Выбрать главу

Хорошее диковинное слово, сладкое слово… бутылка, отлитая в виде плетеной баклажки из травяных стеблей. Терпкий запах этого самого кюммеля, разлитый в воздухе — хозяин осторожно переливал из бутылки в ополоснутую под краном фляжку. Чувствовалась в этом запахе какая-то особая обреченность.

Ноздри Бобби-Синкопы готовно дрогнули, её распознав.

Главное, — поспешно подумал он, — самое главное сейчас — не представлять того, что он позволит себе после…

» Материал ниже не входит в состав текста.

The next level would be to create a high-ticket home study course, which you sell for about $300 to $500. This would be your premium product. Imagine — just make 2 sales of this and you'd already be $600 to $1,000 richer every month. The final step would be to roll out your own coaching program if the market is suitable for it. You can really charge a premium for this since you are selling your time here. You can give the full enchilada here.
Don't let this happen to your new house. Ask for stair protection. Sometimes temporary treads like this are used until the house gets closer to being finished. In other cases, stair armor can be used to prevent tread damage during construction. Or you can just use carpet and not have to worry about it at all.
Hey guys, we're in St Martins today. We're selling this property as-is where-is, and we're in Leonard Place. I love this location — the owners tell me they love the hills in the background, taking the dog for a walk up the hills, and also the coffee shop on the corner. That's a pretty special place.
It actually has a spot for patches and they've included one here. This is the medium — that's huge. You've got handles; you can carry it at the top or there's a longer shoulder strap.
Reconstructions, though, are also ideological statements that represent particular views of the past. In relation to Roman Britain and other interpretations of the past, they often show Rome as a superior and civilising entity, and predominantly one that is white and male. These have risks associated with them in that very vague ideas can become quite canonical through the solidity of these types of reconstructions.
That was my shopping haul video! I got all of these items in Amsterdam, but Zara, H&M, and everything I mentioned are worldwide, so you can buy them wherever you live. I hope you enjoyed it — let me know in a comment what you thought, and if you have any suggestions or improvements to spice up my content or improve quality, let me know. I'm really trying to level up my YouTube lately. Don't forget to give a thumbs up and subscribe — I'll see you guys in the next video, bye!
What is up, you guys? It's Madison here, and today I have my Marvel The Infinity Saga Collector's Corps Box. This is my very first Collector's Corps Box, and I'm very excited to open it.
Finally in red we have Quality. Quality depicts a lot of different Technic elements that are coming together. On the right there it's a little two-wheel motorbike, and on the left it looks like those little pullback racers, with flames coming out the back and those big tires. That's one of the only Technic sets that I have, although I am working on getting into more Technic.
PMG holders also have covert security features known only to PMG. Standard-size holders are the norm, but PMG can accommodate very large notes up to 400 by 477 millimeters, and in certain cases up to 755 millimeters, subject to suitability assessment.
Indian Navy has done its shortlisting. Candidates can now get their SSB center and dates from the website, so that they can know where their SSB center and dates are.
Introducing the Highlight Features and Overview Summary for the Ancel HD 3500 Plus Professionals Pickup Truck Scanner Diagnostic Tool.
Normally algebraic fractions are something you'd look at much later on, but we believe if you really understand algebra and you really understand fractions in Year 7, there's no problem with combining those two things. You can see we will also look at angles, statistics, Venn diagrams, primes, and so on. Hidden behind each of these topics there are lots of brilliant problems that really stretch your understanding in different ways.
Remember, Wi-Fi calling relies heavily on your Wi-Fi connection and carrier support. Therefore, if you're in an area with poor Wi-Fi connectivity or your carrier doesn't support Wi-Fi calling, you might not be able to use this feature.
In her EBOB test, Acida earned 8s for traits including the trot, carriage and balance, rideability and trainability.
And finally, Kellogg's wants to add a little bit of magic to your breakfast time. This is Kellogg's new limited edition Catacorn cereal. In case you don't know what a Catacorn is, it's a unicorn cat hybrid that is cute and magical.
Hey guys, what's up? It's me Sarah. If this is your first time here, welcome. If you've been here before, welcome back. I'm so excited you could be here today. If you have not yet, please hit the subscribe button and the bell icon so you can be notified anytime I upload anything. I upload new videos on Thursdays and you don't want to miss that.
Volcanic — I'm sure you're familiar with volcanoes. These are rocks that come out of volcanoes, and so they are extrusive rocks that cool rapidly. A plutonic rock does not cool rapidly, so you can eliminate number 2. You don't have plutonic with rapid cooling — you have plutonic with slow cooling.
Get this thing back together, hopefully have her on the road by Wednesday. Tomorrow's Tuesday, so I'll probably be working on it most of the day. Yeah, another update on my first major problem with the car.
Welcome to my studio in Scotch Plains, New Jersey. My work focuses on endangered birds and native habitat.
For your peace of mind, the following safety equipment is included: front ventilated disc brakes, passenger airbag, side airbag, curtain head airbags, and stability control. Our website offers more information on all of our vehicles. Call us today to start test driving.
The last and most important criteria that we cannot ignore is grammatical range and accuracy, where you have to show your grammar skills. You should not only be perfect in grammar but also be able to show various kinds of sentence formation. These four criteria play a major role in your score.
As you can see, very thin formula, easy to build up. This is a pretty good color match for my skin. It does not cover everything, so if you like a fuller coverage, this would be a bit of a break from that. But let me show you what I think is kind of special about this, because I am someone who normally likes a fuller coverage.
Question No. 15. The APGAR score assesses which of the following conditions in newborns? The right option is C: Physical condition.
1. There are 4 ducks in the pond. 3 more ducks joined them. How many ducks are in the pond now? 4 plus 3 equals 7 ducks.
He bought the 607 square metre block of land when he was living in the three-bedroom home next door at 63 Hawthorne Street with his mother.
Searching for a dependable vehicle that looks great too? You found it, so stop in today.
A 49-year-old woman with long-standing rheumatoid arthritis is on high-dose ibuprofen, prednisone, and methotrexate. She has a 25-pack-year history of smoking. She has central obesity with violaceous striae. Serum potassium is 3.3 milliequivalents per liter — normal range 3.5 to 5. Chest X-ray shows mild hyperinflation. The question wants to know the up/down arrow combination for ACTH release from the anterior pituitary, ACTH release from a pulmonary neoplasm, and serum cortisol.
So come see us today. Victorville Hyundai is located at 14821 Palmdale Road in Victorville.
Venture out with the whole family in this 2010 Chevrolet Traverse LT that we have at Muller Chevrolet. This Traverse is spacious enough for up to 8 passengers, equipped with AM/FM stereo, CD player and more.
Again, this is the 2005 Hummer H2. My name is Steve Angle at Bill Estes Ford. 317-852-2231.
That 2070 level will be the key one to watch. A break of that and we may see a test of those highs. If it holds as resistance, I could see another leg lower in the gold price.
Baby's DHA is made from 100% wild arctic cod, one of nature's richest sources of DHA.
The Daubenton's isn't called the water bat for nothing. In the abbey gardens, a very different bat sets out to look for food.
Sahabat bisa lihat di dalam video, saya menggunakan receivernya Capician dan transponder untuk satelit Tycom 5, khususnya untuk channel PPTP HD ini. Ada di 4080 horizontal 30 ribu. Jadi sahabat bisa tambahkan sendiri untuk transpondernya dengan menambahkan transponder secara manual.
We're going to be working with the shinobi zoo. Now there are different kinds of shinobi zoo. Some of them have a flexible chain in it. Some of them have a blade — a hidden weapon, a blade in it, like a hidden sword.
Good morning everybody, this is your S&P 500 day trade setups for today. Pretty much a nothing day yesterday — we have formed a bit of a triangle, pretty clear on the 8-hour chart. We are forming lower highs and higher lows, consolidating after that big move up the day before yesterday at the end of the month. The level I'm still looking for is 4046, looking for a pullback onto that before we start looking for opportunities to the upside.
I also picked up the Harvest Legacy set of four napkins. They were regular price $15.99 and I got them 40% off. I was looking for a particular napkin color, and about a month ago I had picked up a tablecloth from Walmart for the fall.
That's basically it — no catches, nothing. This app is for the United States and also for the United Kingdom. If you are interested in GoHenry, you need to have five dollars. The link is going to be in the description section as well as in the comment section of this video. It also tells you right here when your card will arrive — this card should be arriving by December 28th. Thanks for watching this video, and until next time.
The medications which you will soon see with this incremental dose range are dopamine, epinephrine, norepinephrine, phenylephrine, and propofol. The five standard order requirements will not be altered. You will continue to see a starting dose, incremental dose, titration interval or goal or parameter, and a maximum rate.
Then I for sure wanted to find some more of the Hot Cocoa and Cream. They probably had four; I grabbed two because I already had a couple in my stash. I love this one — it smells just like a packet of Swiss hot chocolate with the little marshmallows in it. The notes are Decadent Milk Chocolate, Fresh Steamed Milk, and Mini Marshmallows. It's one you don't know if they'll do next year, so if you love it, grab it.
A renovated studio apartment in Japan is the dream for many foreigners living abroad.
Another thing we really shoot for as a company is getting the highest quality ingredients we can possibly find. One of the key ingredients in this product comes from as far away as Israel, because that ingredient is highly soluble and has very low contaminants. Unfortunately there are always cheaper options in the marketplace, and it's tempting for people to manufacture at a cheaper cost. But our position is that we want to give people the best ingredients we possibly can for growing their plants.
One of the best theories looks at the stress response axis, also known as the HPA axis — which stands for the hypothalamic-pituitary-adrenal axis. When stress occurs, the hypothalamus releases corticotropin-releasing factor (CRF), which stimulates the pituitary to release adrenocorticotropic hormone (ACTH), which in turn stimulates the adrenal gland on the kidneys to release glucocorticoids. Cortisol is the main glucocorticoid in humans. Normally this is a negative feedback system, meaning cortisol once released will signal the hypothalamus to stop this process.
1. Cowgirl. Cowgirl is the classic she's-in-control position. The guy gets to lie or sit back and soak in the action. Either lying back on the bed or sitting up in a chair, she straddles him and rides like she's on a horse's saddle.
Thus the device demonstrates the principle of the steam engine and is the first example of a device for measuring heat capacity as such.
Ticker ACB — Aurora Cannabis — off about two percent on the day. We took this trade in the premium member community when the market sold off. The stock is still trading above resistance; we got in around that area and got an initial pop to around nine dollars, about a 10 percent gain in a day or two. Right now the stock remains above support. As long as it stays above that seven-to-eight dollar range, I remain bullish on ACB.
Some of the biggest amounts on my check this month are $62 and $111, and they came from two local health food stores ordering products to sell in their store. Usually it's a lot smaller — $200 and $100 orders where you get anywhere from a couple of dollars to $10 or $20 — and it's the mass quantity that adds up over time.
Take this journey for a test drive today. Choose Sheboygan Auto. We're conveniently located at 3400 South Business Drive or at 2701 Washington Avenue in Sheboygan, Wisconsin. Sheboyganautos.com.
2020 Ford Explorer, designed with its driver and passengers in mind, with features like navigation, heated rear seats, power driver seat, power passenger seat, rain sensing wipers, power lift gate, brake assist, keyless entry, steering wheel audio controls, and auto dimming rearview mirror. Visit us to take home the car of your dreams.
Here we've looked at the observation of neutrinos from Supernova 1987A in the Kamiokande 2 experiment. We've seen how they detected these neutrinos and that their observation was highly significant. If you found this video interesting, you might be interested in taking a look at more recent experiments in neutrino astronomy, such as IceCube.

Он почти физическим усилием заставил себя не смаковать предвкушения от горячей ванны, и жидкого мыла, и чистого воротника рубашки.

— Стоп, — сказал он вслух. — Стоп, хватит!

Журчание кюммеля за его спиной послушно прервалось. Конечно, толстяк принял этот случайно сорвавшийся возглас на свой счёт.

Ты же опять все испортишь… — стискивая зубы, прошептал Бобби-Синкопа. — Не думать, не думать! Запомни и держи в голове только это — нет на свете никаких ванн! Нет никаких бусов, везущих других пассажиров к их ванным комнатам! Нет ничего этого… и асфальтовые ленты вовсе не завшивели людьми — они пусты.

Никого нет, — обливаясь потом от неимоверного усилия это представить, подумал он. — Я же последний человек в этом опустевшем мире… Даже этот толстяк — всего лишь фантом! Последние крохи энергии древней голографической машины. Кроме него — только терпкий запах кюммеля в воздухе. Кюммель чудом сохранился, ему просто повезло с этим. У кюммеля — запах обреченности. Вот о чем стоит думать!

Обреченность, — сказал он уже совсем про себя…

Обреченность, обреченность…

— Так вы путешествуете? — спросил из-за спины толстяк.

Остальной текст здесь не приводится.